If the adjustment factors are rescaled in this manner, it is important to adjust the scale factor used in estimating the variance with the bootstrap replicates, which becomes $\frac{\tau^2}{B}$ instead of $\frac{1}{B}$. $$ \textbf{Prior to rescaling: } v_B\left(\hat{T}_y\right) = \frac{1}{B}\sum_{b=1}^B\left(\hat{T}_y^{*(b)}-\hat{T}_y\right)^2 $$ $$ \textbf{After rescaling: } v_B\left(\hat{T}_y\right) = \frac{\tau^2}{B}\sum_{b=1}^B\left(\hat{T}_y^{S*(b)}-\hat{T}_y\right)^2 $$ When sharing a dataset that uses rescaled weights from a generalized survey bootstrap, the documentation for the dataset should instruct the user to use replication scale factor $\frac{\tau^2}{B}$ rather than $\frac{1}{B}$ when estimating sampling variances.

References

The generalized survey bootstrap was first proposed by Bertail and Combris (1997). See Beaumont and Patak (2012) for a clear overview of the generalized survey bootstrap. The generalized survey bootstrap represents one strategy for forming replication variance estimators in the general framework proposed by Fay (1984) and Dippo, Fay, and Morganstein (1984).

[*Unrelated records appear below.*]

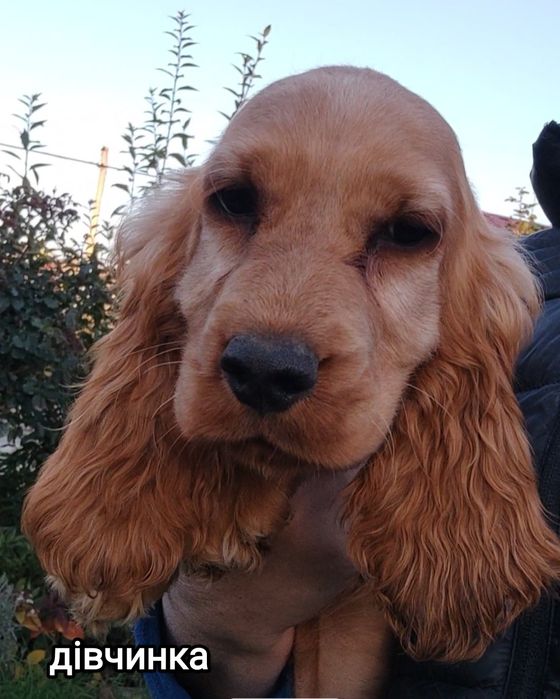 Цуценята породи англійський кокер спаніель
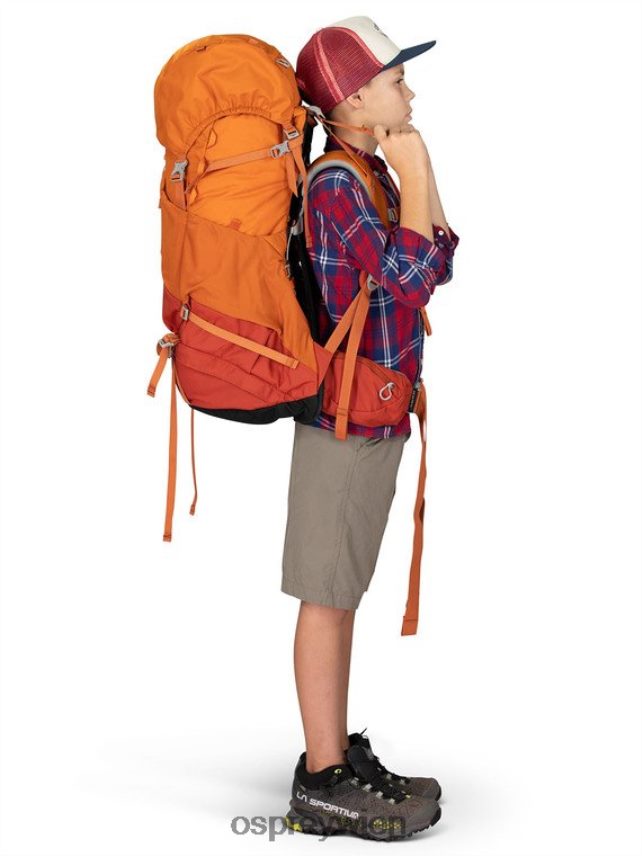 Kinder Ace 50 Backpacking (8–14 Jahre) Osprey orangefarbener Sonnenuntergang Rucksack J4028N486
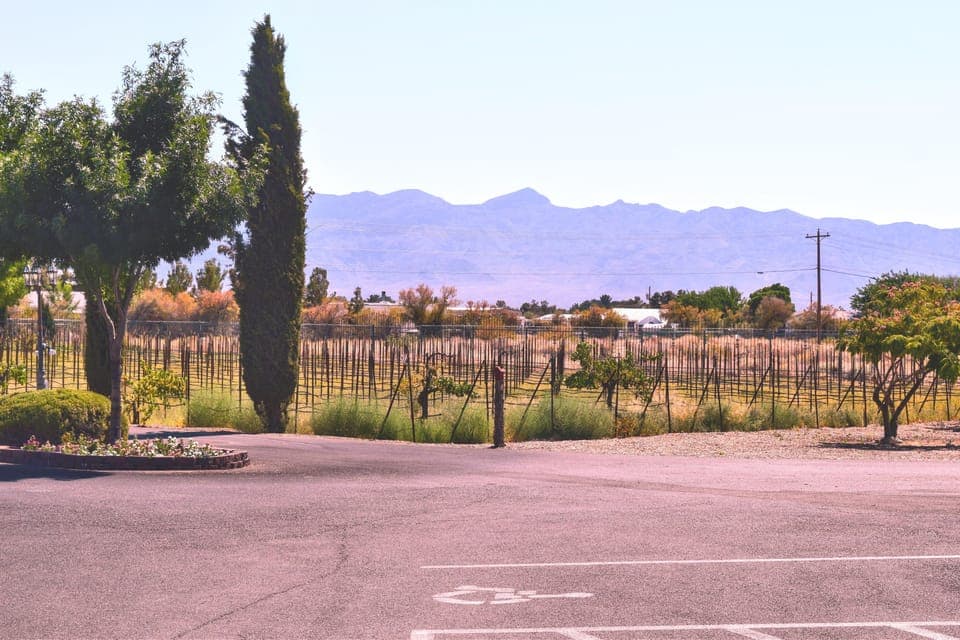 Las Vegas / Pahrump Wine Tasting Tour and snacks Gallery Image 2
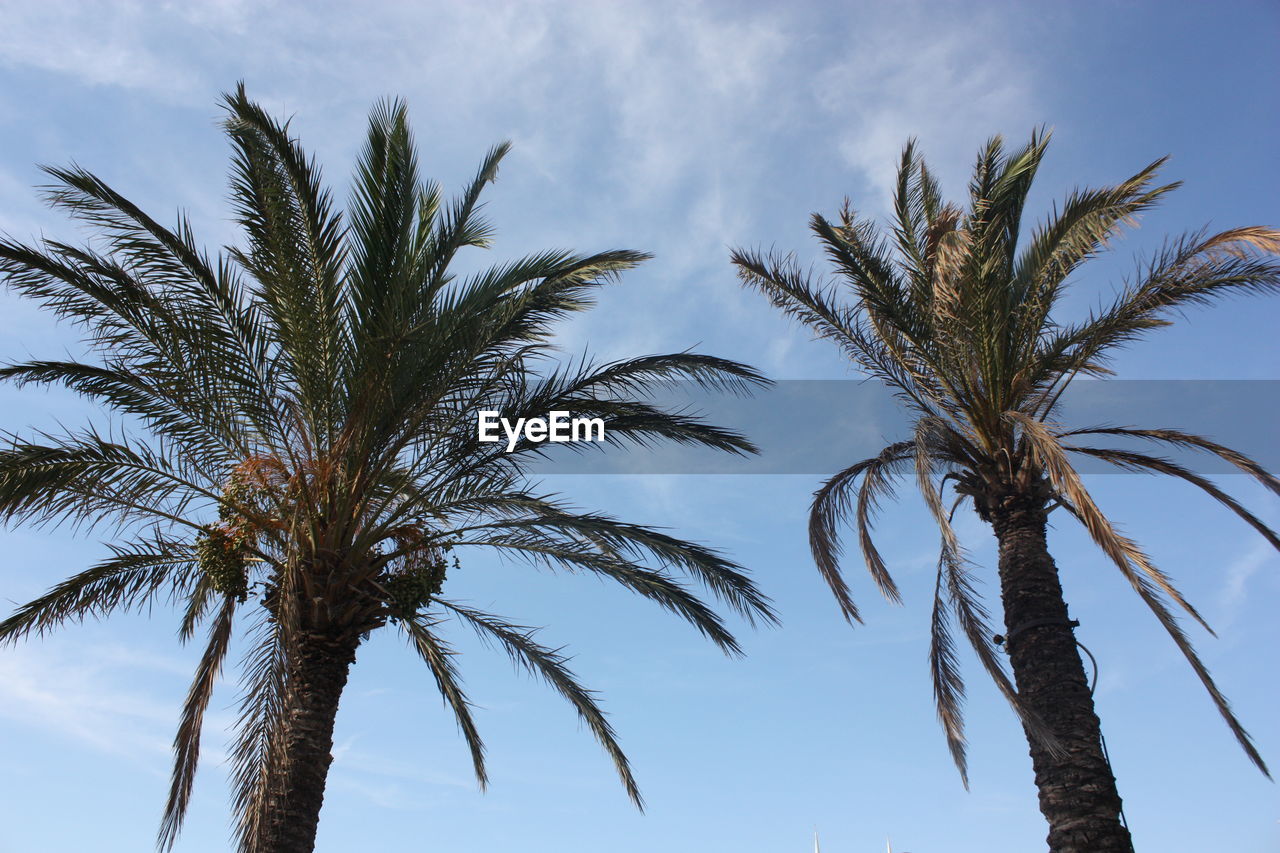 LOW ANGLE VIEW OF PALM TREE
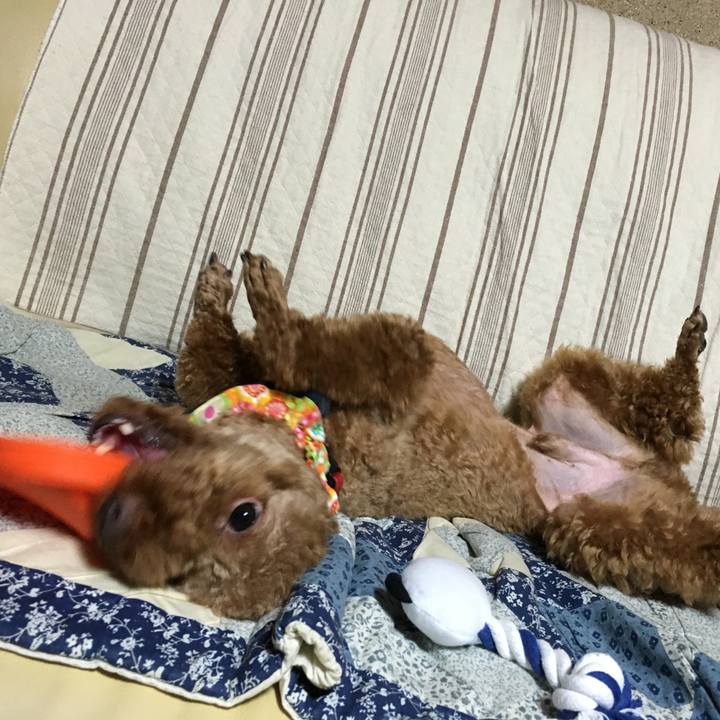 42e25729 0ea0 4e58 b872 e588a405ec03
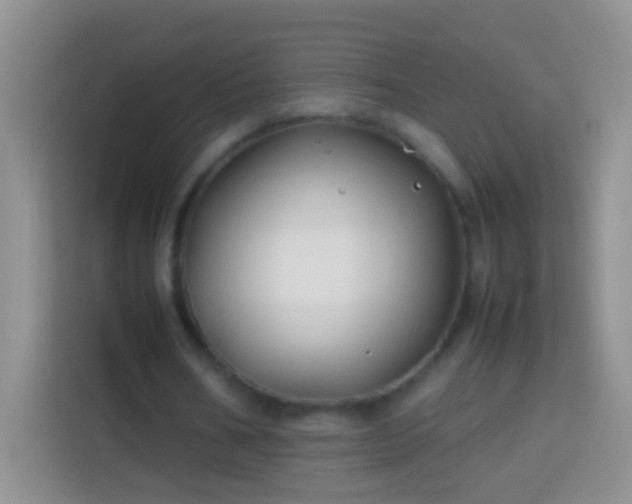 X0000113870578200910011114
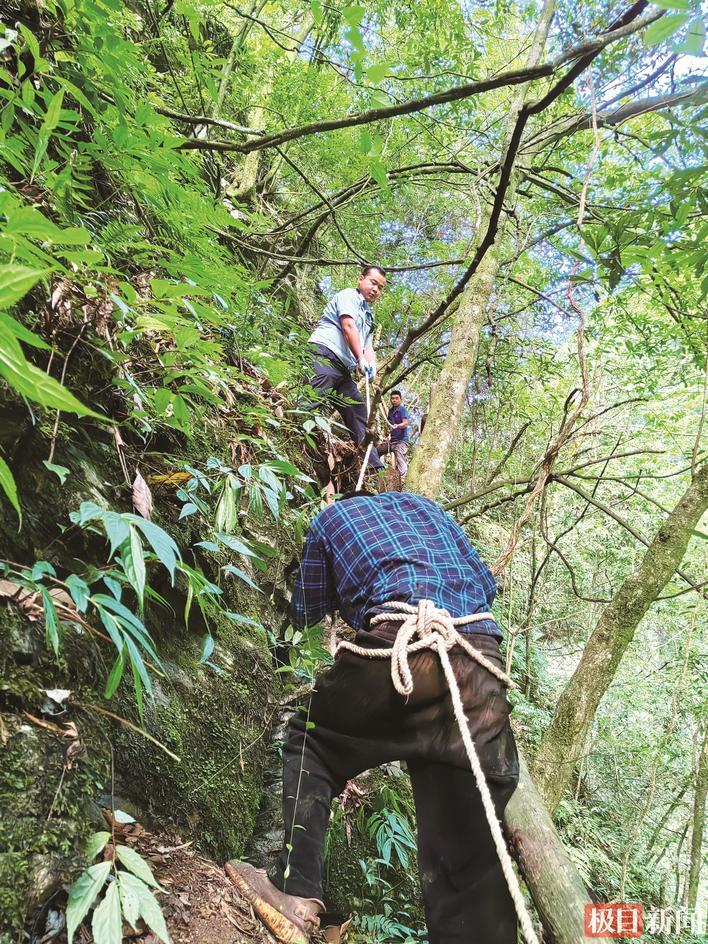 救援队员以绳索牵引护送伤者下山 通讯员供图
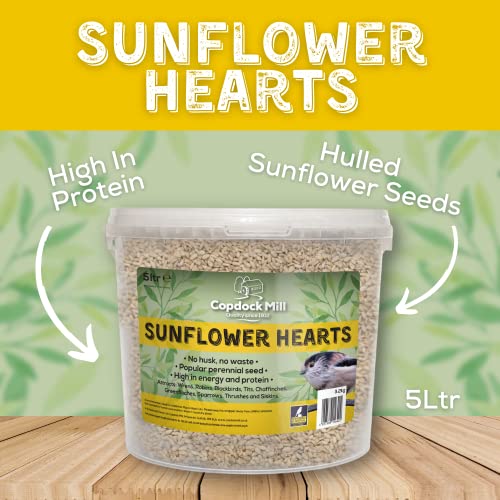 Copdock Mill Sunflower Hearts Bird Food 3.2kg / 5L Tub – No Mess Sunflower Hearts for Wild Birds – Bird Seed Suitable for Sunflower Seeds Feeders & Bird Tables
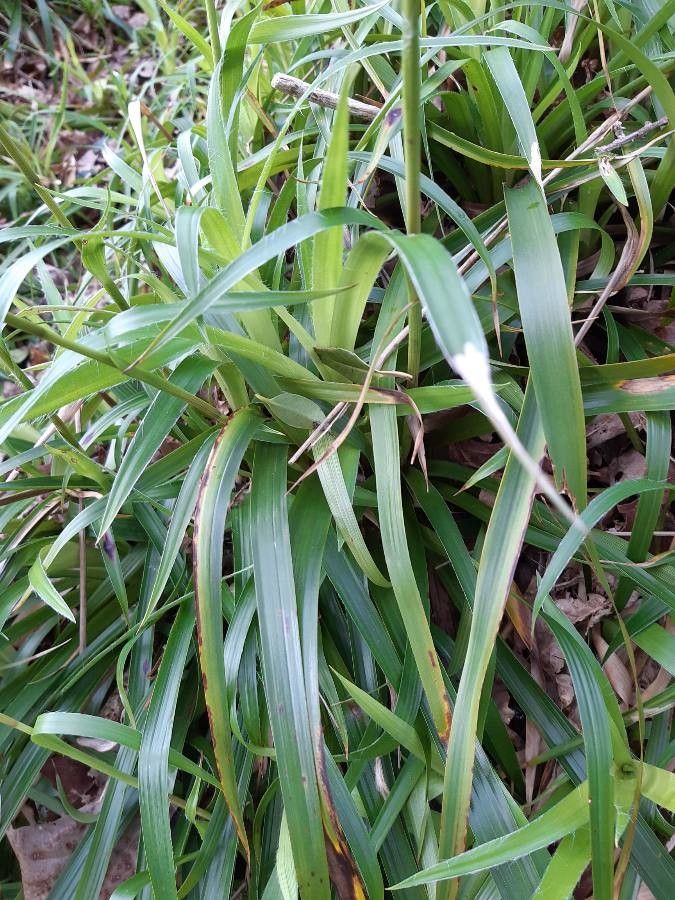 Juncus nodosus — search result for 'Juncus'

- Beaumont, Jean-François, and Zdenek Patak. 2012. "On the Generalized Bootstrap for Sample Surveys with Special Attention to Poisson Sampling: Generalized Bootstrap for Sample Surveys." International Statistical Review 80 (1): 127-48. https://doi.org/10.1111/j.1751-5823.2011.00166.x.

- Bertail, and Combris. 1997. "Bootstrap Généralisé d'un Sondage." Annales d'Économie Et de Statistique, no. 46: 49. https://doi.org/10.2307/20076068.

- Dippo, Cathryn, Robert Fay, and David Morganstein. 1984. "Computing Variances from Complex Samples with Replicate Weights." In, 489-94. Alexandria, VA: American Statistical Association. http://www.asasrms.org/Proceedings/papers/1984_094.pdf.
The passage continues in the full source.